While in this week`s primary in Pennsylavnia, the vast majority of Democrats said they would probably or definitely vote for Clinton in November if she`s the nominee, there are those, like actor George Takei who want to remind Democrats that Bernie or bust is a mistake.

Joining me now, actor and human rights activist George Takei.

Mr. Takei, you -- I feel like you have a sort of special vantage point to view the rise of Trump particularly as it looks like he is most likely the nominee. What have your feelings been as you`ve watched all this unfold?

GEORGE TAKEI, ACTOR: Well, it -- I think, you know, we all should support the candidate that we feel closest to. And in the primary, we need to support the candidate that we find to be the best one.

And I respect Bernie`s supporters and libertarians and Green people, but when we get past the primary, I think we should start looking at the larger picture.
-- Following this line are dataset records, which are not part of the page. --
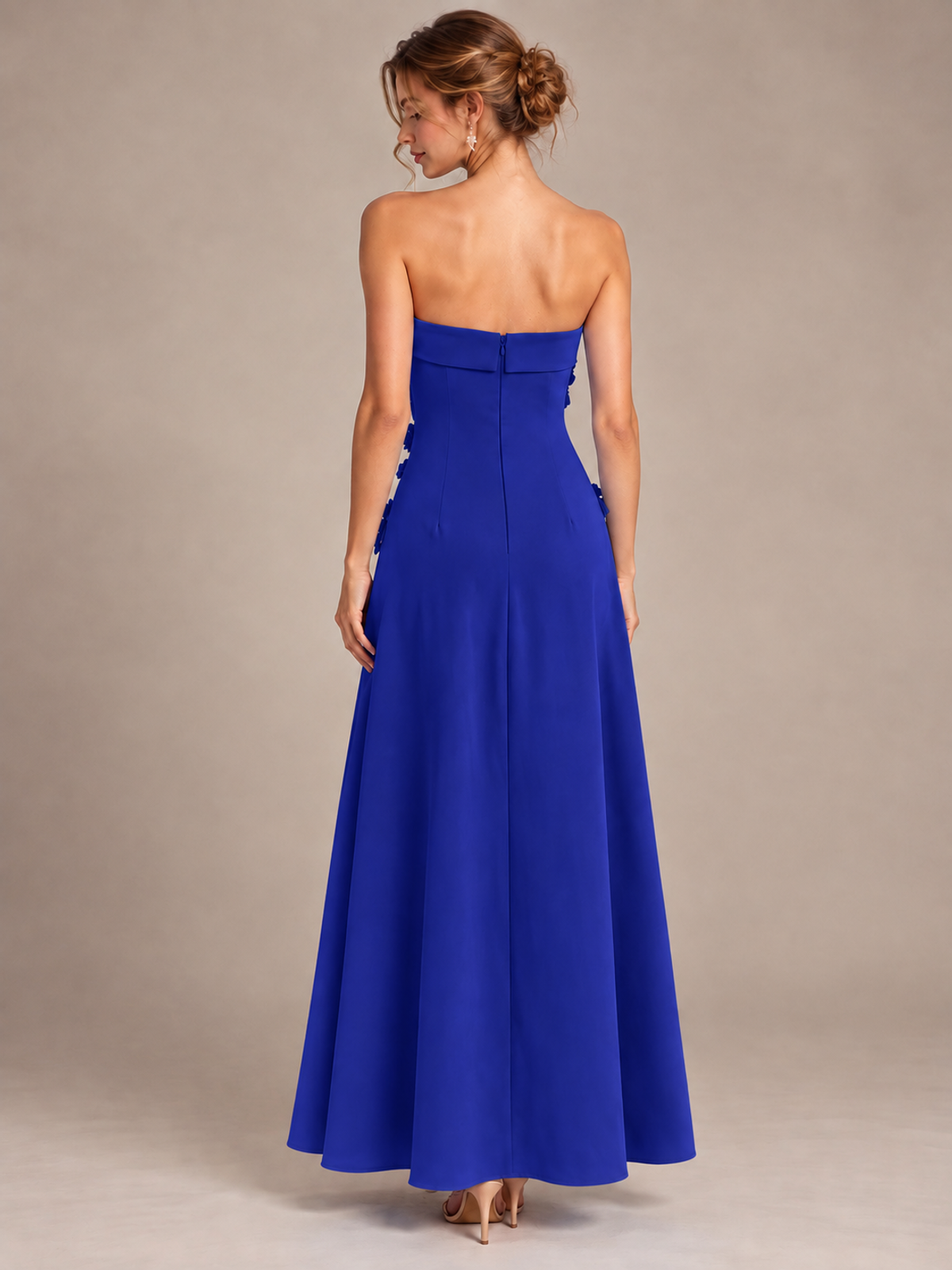 Yellow Strapless 3D Floral Appliques Maxi Dress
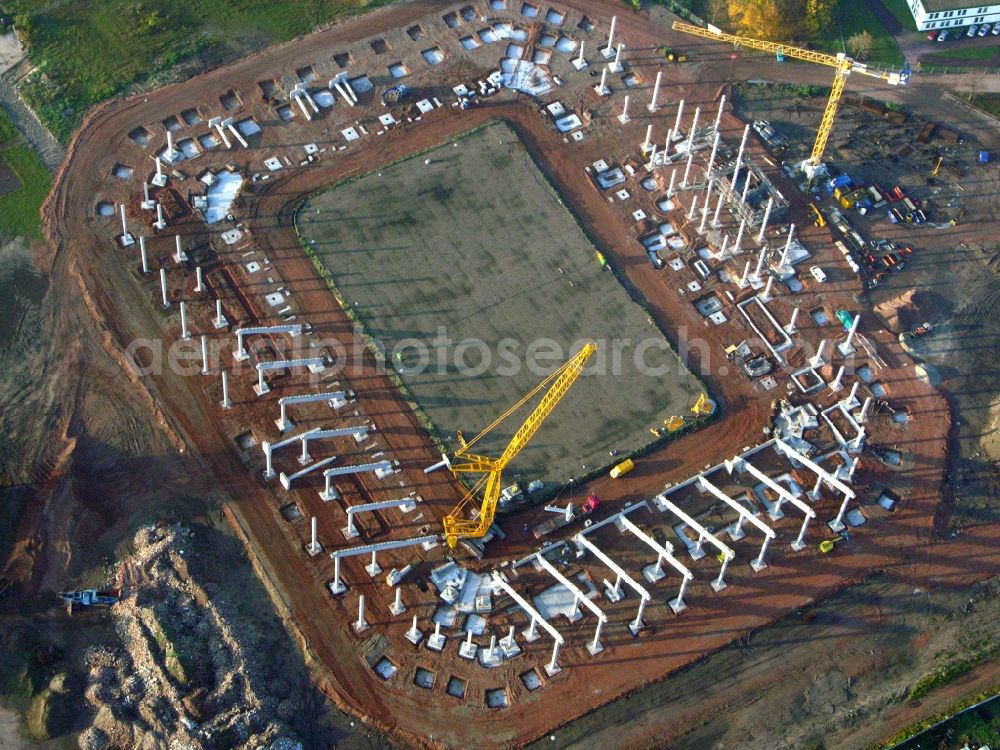 Magdeburg from the bird's eye view: Construction site of sports facility grounds of the MDCC Arena stadium in Magdeburg in the state Saxony-Anhalt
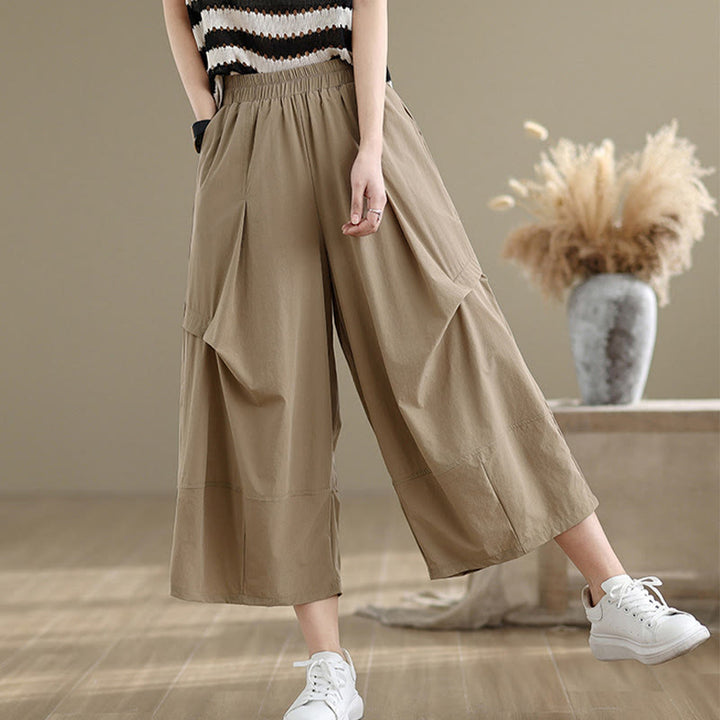 Buddha Stones Sommerhose aus Baumwolle mit unregelmäßigem Faltendesign und weitem Bein und Taschen für Damen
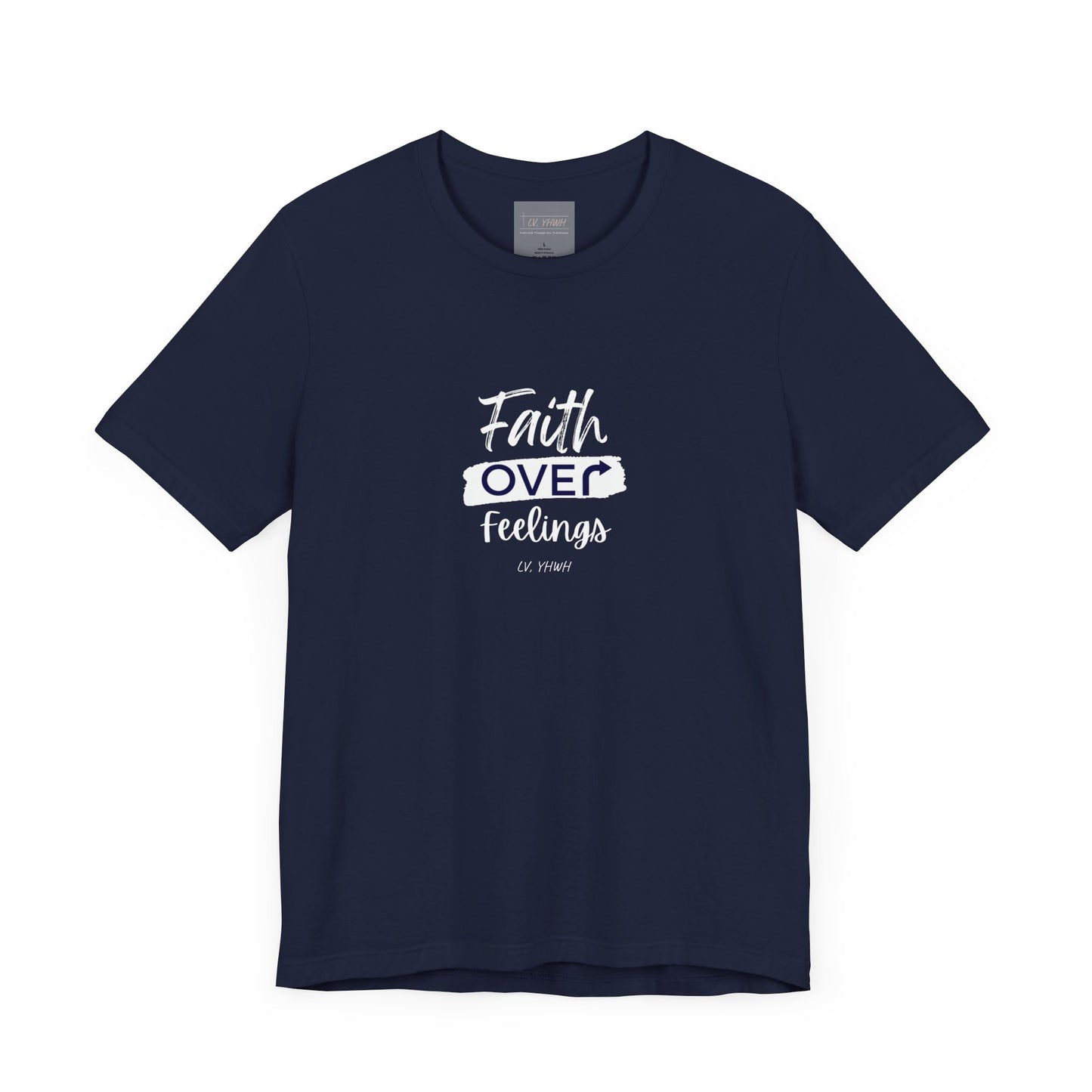 Printify navy crew neck faith over feelings t-shirt with white centered inspirational script design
We want -- well, we don`t want Donald Trump to be the president of the United States. And elections have consequences.

So we need to look at the common ground that we share and vote so that we as Democrats prevail.
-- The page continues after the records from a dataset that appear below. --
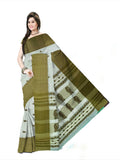 Pradip Fabrics Woven Tant Pure Cotton Saree( dark green )
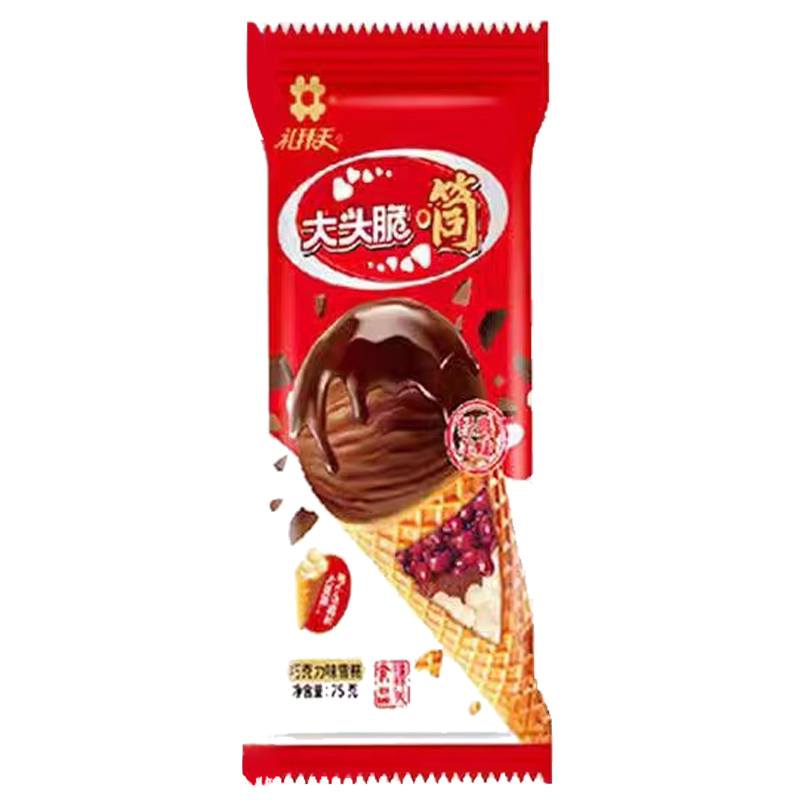 礼拜天 大头脆筒(巧克力味)雪糕80克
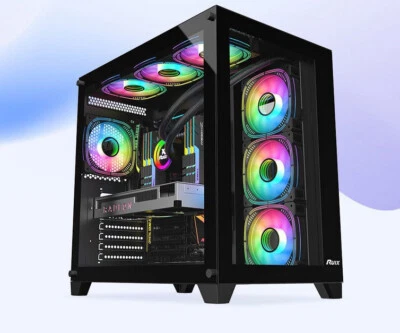 Tower Gaming Pc Gehäuse USB 3.0 ATX ,M-ATX,Mini-ITX  schwarz--HJF - Bild 1 von 4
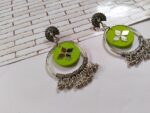 Rainvas Light green oxidized jhumka bali earrings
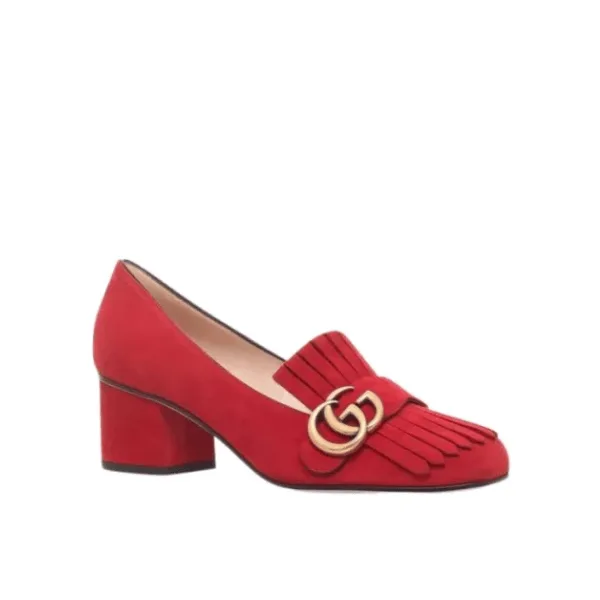 Gucci Marmont Fringe Suede 55Mm Loafer Red From Neiman Marcus Main image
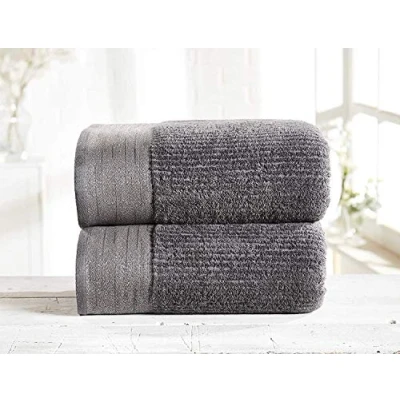 Image of Rapport Home Pair of 100% Mayfair Combed Cotton Bath Sheets (Charcoal Silver), 90cmsx140cms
Elections have consequences. And when you look beyond the November general election, then it`s a whole different America that we`re looking at. I want it to be the kind of America that I love and the largest common ground we share is as Americans. We don`t want a fearmonger, someone who wants to build walls on the southern border, ban Muslims, all the things that we don`t want our country to be.

I love America and I don`t want that to be the America that we`re going to be living in after November.

HAYES: There`s been a bunch of people writing recently about the way that they`ve experienced the democratic primary, those are folks who are on the center left, contention, arguments on Facebook, things like that. What has been your experience of it? Can you take me through your thinking as you`ve gone through this primary?

TAKEI: Well, I`ve heard from particularly the passionate Bernie supporters. And you know I share a lot of common issues that they support. I was there with the Occupy Wall Street protesters. I believe in the minimum wage, $15 minimum wage. I believe we need to fund Planned Parenthood. I believe we need LGBT equality. The struggle is still in front of us, even after November. And we need to come together so that we don`t have someone like Donald Trump as a president.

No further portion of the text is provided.